The increasing number of defaults and the introduction of tougher legislation will have a tremendous impact on the credit card industry and consumers as well, says Laura Nishikawa, an industry analyst. She is a researcher for shareholder advisers RiskMetrics Group.
Nishikawa warns that the two factors would come into play and affect the entire credit card industry in ways never before seen. She says that with tighter government regulation, credit card companies will look for new ways to earn profit aside from increasing interest rates. Nishikawa also explains that because consumers are bound to borrow less, banks will in turn, lend less.
Meanwhile, industry experts say that the nation’s unemployment rate is closely tied to losses that credit car companies are considering as charge-offs. A newly released report from TowerGroup says that credit car charge-offs could increase 30% this year compared to 2008. This would translate to $71 billion.
Ben Woolsey, director of marketing and consumer research for CreditCards.com, says that the recent losses banks are currently experiencing will only worsen.

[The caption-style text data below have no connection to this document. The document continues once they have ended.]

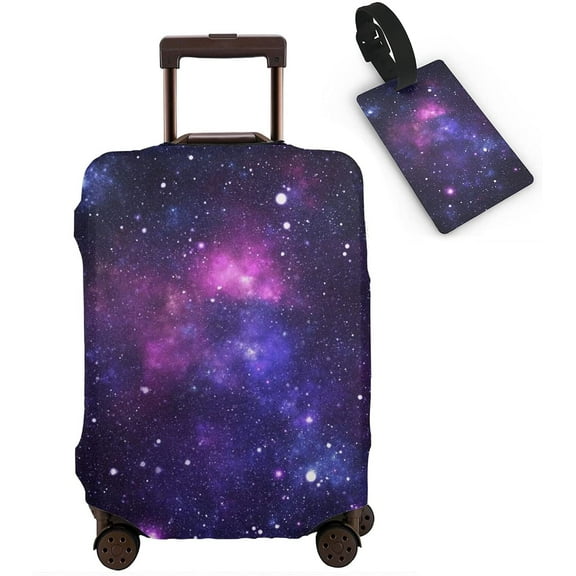 Music Monkey Travel Luggage Cover Suitcase Protector Polyester Washable Baggage M Size (23-26 Inch) style18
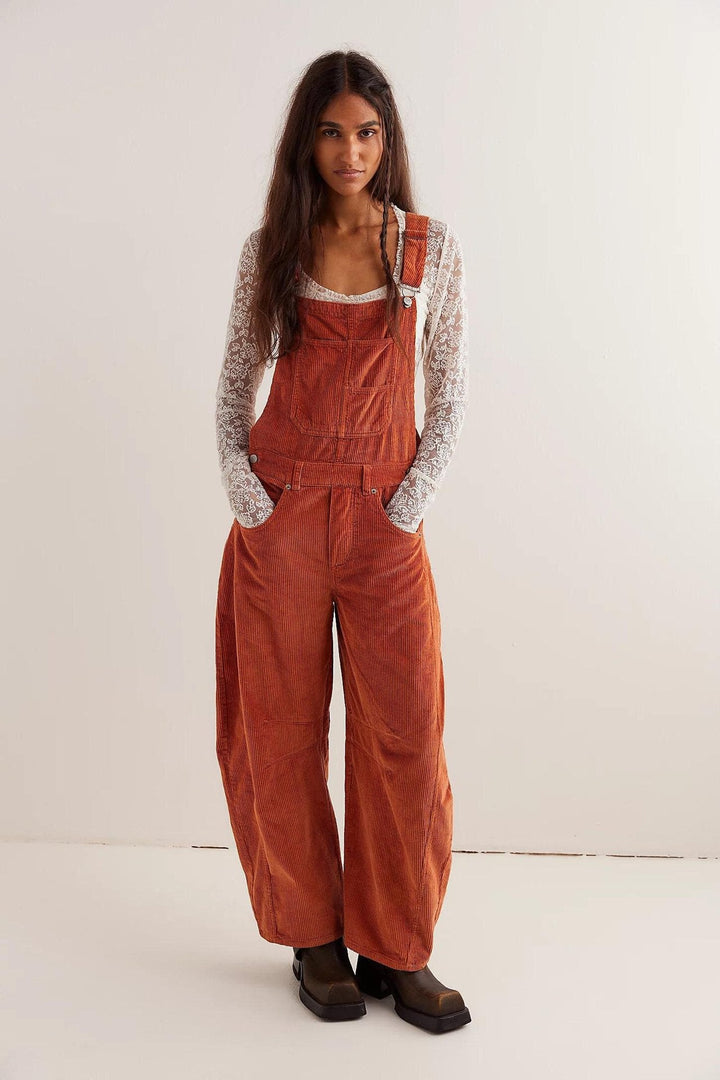 PANIZ™ - Vintage Overalls Wide-Leg Adjustable Jumpsuit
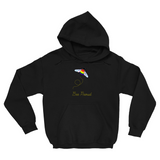Sweats à capuche Bumblebee Pride Pun (sans fermeture éclair/pull) – DESIGN AVANT | Choisissez votre drapeau et votre jeu de mots | Sweat à capuche pull bourdon | LGBTQIA
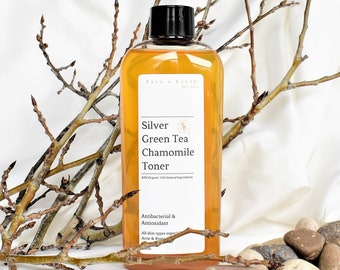 Colloidal Silver Green Tea Chamomile Toner VEGAN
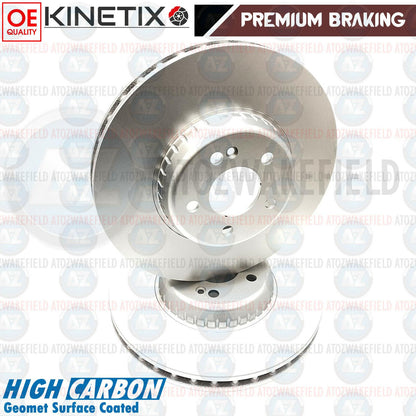 FOR MERCEDES E-CLASS 16- FRONT PREMIUM HIGH CARBON BRAKE DISCS PADS 330mm COATED
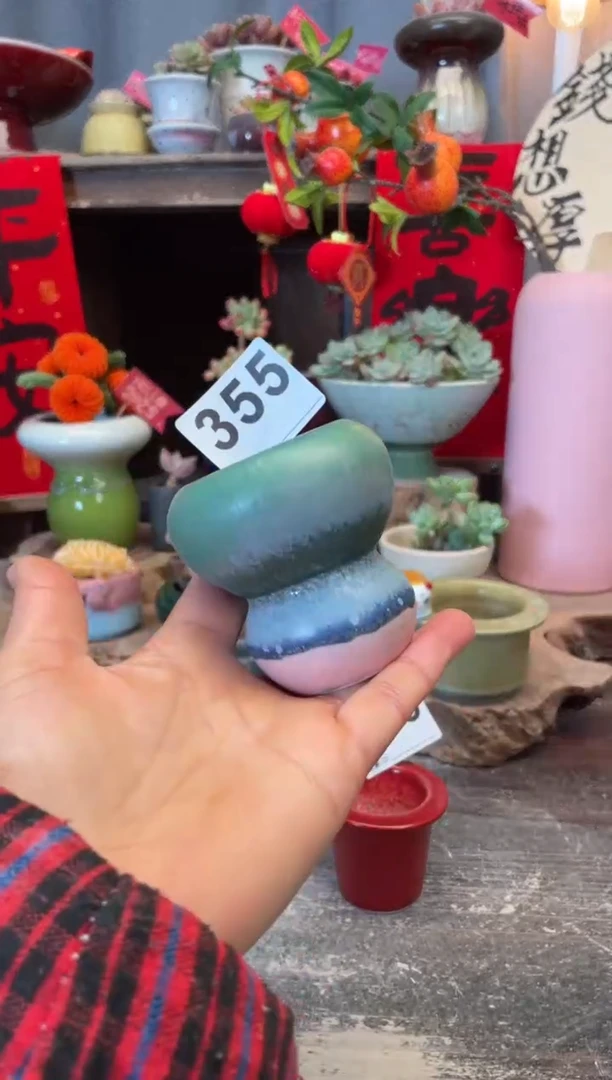 【闪购商品】摆件355知木小芳花盆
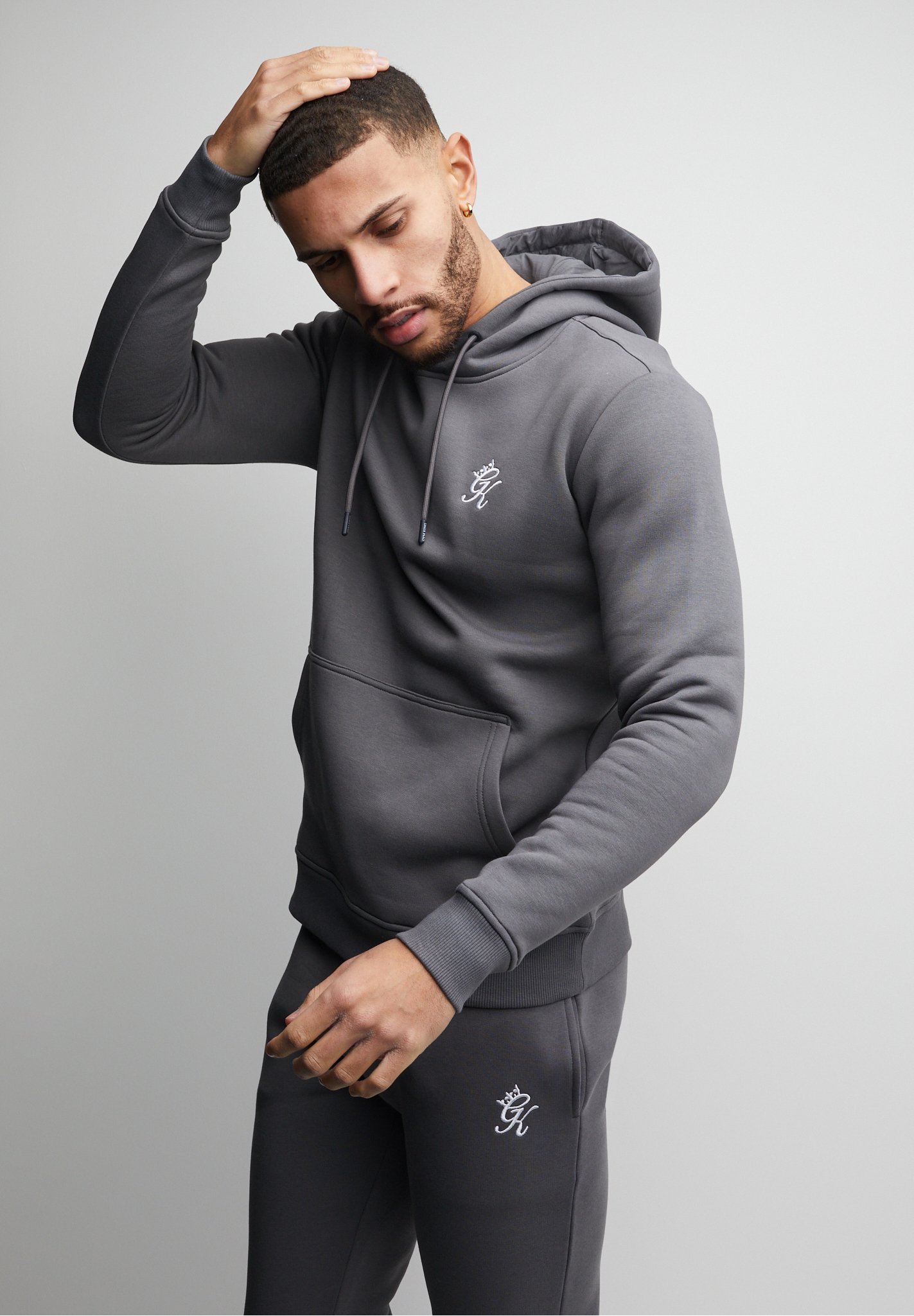 Gym King Hoodie - dark grey/grey 
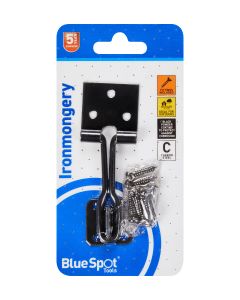  Blue Spot Tools Ironmongery 102mm Black Powder Coated Wire Hasp and Staple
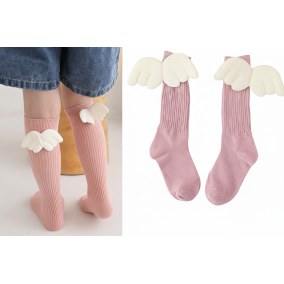 Różowe Skarpetki ze Skrzydłami Anioła | Sklep Leanka 2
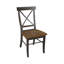 Chaise d'appoint en bois massif avec dossier croisé Dugazon Duante-50010492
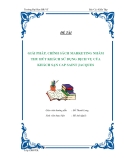 Đề tài: Giải pháp, chính sách Marrketing nhằm thu hút khách  sử dụng dịch vụ của khách sạn Cap Saint Jacques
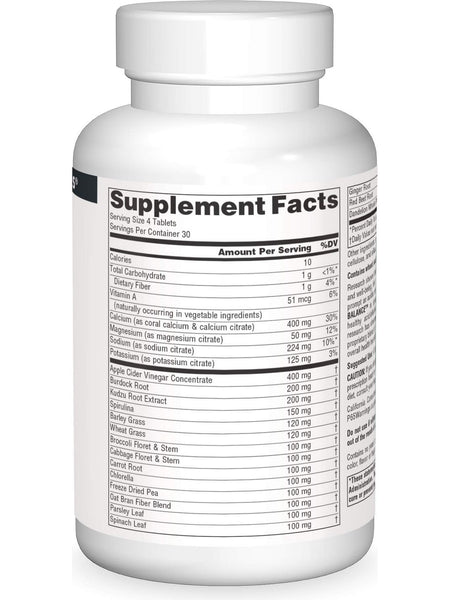 Source Naturals, Alkaline Balance™, 120 tablets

This would lead to a variety of changes for many cardholders. Consumers with less than perfect credit histories may see no access while cardholders with stronger profiles can see higher charges and fewer perks.
Woolsey says that the new legislation, set to go in place by February next year, will take away a significant portion of the credit companies’ revenue. He adds that consumers should expect companies to figure out other means to make profit. Consequently, companies may cut down on rewards and even introduce new annual fees and charges to make up for the loss income. The industry is also expected to see more promotional rates and teaser rates to attract potential cardholders.
Experts believe that many credit card issuers and banks will experiment with different combinations of interest rates and added fees for the first three to six months after the legislation goes into effect. Analysts predict that companies will most likely stick with additional fees and charges to make up for lost income and profit.